# Surgical castration age



## tatumhills (Feb 8, 2014)

What's the best age to surgically have a buck kid castrated if he is running with mum?

www.tatumhills.weebly.com 
www.facebook.com/tatumhillsfarm
One Saanen in kid so she won't be alone for long!


----------



## Goats Rock (Jun 20, 2011)

Generally, a buck kid should be castrated by 2-3 months old if he is 
running with his mom. The longer you wait, the less chance of 
urinary calculi later on. (but if the kid is just going to freezer camp, he won't 
have a chance to develop the calculi, so earlier castration is ok, too.). 

I just band all my buck kids at 3 months and
it works out well. Others use different castration techniques.


----------



## kccjer (Jan 27, 2012)

Goats Rock said:


> (but if the kid is just going to freezer camp, he won't
> have a chance to develop the calculi, so earlier castration is ok, too.).
> /QUOTE]
> 
> ...


----------



## tatumhills (Feb 8, 2014)

Thank you.

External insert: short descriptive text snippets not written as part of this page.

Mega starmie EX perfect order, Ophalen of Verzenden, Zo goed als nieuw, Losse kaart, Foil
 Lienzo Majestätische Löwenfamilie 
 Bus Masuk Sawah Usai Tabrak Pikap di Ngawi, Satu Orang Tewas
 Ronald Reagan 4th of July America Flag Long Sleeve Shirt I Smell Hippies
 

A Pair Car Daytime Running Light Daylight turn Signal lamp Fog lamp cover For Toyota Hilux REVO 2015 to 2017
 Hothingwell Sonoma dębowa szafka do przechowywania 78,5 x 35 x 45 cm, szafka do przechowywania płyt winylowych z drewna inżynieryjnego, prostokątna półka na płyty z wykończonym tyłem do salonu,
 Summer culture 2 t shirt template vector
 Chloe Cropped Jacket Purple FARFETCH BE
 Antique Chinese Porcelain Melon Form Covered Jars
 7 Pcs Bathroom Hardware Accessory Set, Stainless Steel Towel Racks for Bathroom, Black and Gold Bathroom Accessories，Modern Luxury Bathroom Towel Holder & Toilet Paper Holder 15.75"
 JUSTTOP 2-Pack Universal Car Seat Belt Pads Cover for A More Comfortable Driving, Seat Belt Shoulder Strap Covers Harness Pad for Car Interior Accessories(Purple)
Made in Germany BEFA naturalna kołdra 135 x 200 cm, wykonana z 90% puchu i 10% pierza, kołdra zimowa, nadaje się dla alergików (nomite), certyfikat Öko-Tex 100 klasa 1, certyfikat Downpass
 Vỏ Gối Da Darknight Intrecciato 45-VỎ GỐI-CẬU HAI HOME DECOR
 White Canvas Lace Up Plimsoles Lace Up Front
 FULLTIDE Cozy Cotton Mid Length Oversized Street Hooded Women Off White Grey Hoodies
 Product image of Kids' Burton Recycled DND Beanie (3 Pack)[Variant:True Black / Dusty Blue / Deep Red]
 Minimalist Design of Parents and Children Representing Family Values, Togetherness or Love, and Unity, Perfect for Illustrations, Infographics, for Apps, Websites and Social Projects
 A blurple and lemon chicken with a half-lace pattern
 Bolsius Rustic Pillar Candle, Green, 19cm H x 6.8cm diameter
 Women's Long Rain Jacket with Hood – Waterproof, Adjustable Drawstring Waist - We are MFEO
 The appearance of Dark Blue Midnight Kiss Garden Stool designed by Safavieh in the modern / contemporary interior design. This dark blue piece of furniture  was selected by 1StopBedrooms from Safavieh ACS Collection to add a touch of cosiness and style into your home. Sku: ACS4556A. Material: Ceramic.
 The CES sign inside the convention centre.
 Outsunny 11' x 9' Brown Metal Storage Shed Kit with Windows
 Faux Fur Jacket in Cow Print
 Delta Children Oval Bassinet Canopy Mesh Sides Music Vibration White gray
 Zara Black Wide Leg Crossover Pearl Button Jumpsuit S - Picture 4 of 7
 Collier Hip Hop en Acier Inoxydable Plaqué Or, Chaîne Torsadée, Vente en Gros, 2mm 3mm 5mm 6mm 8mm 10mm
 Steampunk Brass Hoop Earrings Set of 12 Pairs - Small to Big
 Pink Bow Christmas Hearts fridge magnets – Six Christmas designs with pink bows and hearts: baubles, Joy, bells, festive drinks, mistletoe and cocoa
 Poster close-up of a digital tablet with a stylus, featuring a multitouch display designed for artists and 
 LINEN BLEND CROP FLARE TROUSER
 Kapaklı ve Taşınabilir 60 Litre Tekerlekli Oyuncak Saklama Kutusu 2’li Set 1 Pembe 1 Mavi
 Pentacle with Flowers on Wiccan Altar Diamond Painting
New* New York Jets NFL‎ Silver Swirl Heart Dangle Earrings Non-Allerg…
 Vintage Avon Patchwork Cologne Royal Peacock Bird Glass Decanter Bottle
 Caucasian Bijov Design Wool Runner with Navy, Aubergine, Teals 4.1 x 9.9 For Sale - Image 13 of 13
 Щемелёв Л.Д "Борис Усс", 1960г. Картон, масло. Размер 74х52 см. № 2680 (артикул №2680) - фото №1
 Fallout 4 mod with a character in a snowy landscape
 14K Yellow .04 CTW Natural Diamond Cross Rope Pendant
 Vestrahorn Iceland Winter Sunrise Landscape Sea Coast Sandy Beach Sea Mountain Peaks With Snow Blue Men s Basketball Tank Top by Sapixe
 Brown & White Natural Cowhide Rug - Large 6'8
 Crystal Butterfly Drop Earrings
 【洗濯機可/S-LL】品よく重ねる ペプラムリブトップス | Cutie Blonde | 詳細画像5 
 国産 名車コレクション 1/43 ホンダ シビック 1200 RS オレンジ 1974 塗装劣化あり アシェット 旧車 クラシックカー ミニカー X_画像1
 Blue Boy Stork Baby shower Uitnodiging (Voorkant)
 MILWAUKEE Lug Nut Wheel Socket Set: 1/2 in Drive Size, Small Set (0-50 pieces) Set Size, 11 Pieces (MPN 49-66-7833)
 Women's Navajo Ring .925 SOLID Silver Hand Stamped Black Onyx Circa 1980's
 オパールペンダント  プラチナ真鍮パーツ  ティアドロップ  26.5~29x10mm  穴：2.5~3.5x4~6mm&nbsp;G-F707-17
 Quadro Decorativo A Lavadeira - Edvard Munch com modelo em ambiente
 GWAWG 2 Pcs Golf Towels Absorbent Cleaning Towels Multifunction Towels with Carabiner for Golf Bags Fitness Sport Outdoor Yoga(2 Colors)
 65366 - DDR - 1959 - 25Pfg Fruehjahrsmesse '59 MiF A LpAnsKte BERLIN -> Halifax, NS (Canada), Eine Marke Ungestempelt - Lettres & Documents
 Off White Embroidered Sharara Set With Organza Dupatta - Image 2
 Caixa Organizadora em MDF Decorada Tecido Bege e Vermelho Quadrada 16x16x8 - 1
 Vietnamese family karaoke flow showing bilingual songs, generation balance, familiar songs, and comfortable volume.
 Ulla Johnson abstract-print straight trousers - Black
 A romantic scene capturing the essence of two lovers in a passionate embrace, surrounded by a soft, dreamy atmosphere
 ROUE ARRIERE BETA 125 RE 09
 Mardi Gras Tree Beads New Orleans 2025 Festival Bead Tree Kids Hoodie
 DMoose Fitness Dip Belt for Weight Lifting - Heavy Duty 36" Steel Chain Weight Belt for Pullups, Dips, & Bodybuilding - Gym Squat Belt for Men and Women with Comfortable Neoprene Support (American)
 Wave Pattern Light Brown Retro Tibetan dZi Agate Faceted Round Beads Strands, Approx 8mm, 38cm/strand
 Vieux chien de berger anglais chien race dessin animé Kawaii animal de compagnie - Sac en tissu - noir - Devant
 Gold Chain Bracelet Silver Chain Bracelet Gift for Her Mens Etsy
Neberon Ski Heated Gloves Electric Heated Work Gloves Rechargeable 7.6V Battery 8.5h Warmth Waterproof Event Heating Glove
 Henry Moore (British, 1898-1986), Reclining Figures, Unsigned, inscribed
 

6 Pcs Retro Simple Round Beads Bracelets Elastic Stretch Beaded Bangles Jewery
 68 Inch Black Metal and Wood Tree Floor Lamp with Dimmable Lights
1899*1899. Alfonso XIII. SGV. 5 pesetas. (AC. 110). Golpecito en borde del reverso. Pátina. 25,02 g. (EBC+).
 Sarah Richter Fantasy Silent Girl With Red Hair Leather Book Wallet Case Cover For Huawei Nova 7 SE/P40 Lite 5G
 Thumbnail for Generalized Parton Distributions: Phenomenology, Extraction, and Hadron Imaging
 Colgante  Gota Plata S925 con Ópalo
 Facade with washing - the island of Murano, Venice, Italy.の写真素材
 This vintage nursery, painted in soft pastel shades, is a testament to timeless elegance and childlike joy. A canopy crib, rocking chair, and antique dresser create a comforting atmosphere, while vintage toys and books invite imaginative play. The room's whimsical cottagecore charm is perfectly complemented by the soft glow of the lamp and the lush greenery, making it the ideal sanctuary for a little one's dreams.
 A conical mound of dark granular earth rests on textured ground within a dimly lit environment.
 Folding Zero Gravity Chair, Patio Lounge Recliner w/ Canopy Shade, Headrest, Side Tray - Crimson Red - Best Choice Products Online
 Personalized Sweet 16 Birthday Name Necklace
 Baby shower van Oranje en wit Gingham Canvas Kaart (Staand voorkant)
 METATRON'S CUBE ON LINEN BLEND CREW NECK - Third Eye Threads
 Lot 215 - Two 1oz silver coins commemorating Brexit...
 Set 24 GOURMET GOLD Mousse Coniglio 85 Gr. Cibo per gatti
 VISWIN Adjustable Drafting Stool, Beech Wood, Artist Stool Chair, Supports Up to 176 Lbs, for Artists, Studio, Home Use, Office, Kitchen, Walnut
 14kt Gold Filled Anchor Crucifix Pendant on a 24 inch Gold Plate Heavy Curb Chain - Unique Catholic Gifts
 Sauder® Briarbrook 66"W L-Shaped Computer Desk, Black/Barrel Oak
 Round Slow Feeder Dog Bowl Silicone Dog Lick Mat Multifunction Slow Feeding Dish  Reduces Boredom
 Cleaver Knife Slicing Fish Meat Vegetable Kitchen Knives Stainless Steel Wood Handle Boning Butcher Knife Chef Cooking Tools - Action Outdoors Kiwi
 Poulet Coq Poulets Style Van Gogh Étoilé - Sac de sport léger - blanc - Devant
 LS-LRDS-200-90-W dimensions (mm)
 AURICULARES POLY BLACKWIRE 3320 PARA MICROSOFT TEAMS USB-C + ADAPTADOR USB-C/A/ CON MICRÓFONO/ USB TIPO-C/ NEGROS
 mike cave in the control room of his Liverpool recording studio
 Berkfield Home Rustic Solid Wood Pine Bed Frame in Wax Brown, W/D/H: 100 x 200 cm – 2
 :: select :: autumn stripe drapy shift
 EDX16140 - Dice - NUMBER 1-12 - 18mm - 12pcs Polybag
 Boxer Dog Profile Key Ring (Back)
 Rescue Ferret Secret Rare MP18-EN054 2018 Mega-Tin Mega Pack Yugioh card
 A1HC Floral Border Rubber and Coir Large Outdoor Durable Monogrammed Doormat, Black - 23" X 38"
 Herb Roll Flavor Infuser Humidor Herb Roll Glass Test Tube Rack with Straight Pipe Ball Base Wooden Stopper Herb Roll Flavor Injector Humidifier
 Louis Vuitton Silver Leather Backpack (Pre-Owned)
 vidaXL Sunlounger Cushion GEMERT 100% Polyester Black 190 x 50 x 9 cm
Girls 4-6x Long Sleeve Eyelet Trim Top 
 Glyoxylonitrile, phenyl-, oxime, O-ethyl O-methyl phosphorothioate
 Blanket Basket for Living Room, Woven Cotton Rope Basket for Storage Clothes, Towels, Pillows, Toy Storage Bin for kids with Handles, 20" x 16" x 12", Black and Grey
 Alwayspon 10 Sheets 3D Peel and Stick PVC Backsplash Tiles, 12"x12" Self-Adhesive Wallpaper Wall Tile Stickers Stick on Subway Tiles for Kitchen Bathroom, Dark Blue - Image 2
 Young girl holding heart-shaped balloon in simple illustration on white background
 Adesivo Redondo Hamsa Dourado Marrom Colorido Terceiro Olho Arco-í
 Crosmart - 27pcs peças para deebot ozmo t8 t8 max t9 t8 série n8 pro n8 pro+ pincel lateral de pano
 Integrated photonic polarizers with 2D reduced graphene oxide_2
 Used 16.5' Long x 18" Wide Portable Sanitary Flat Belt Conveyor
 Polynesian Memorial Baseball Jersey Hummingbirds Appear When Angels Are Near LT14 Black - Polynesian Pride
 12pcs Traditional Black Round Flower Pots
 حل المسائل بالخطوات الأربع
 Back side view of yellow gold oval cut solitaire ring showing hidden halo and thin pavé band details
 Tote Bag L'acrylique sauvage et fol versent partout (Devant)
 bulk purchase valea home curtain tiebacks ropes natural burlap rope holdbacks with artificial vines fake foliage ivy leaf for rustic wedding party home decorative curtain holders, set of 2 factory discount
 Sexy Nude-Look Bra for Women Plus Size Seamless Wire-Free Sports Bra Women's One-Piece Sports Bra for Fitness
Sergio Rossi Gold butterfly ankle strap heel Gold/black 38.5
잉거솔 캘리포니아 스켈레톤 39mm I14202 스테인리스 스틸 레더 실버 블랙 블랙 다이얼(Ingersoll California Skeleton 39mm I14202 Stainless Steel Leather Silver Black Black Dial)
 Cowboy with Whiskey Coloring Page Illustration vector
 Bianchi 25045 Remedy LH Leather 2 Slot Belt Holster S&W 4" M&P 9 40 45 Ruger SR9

He is definitely NOT for the freezer. 2-3 months it is then 

www.tatumhills.weebly.com 
www.facebook.com/tatumhillsfarm
One Saanen in kid so she won't be alone for long!


----------



## happybleats (Sep 12, 2010)

Be sure to give a tetanus antitoxin shot before hand...its cheap insurance...: ) 

best wishes


----------



## top_goat (Sep 16, 2014)

happybleats said:


> Be sure to give a tetanus antitoxin shot before hand...its cheap insurance...: )
> 
> best wishes


would that be tetanus alone or CDT? Thanks!


----------



## Goats Rock (Jun 20, 2011)

kcjcer- sorry, I didn't realize they could get calculi real young- we only have 3 adult pet wethers and they 
are only fed hay- never had to deal with calculi. I sure didn't mean to mis-speak. My mistake!


----------



## ksalvagno (Oct 6, 2009)

Tetanus antitoxin would be by itself. Not the same thing as CDT. That is a toxoid.


----------



## NyGoatMom (Jan 26, 2013)

I wait 12 weeks to band...even for meat goats.


----------



## Dayna (Aug 16, 2012)

I prefer to wait until the goat is half grown. It makes it harder as I have to separate them from the does at 3 months or so, when the penis fully extends and comes out is when they can impregnate a female as far as I understand it. I try to wait until 6 months or so.


----------



## kccjer (Jan 27, 2012)

Goats Rock said:


> kcjcer- sorry, I didn't realize they could get calculi real young- we only have 3 adult pet wethers and they
> are only fed hay- never had to deal with calculi. I sure didn't mean to mis-speak. My mistake!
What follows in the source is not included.